■ The task: Repeat every line of the listing below exactly, minus the pictures.

■ Source material:
--- START ---
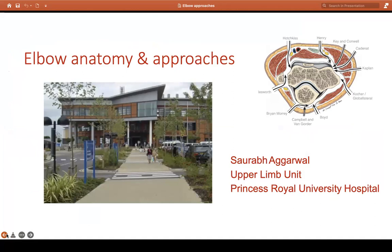Hello everybody, good morning. I'm Saurabh Agarwal, an upper limb surgeon at Princess Royal Hospital. Thank you for your time, and thank you for this great opportunity. My topic today is elbow anatomy and approaches for the FRCS orth exams.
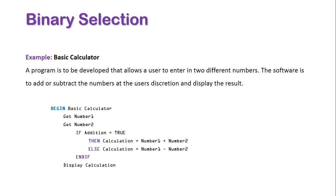We need to then display the calculation as per required in the initial criteria of this program, and then we write end to close the program altogether and the name of the program itself there.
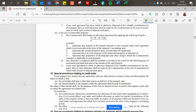In the case of immovable property, the commissioner shall deduct an allowance determined by applying the formula: D multiplied by (E minus (F plus G)) divided by E — where D represents that portion of the amount deemed to have accrued under such agreement which is not receivable at the close of the taxpayer's accounting year; E represents the amount deemed to have accrued under the agreement; F represents the cost to the taxpayer of the immovable property so disposed of; and G represents that portion of development and other charges which the commissioner considers applicable to such property.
--- END ---
■ Result of this task:
Hello everybody, good morning. I'm Saurabh Agarwal, an upper limb surgeon at Princess Royal Hospital. Thank you for your time, and thank you for this great opportunity. My topic today is elbow anatomy and approaches for the FRCS orth exams.
We need to then display the calculation as per required in the initial criteria of this program, and then we write end to close the program altogether and the name of the program itself there.
In the case of immovable property, the commissioner shall deduct an allowance determined by applying the formula: D multiplied by (E minus (F plus G)) divided by E — where D represents that portion of the amount deemed to have accrued under such agreement which is not receivable at the close of the taxpayer's accounting year; E represents the amount deemed to have accrued under the agreement; F represents the cost to the taxpayer of the immovable property so disposed of; and G represents that portion of development and other charges which the commissioner considers applicable to such property.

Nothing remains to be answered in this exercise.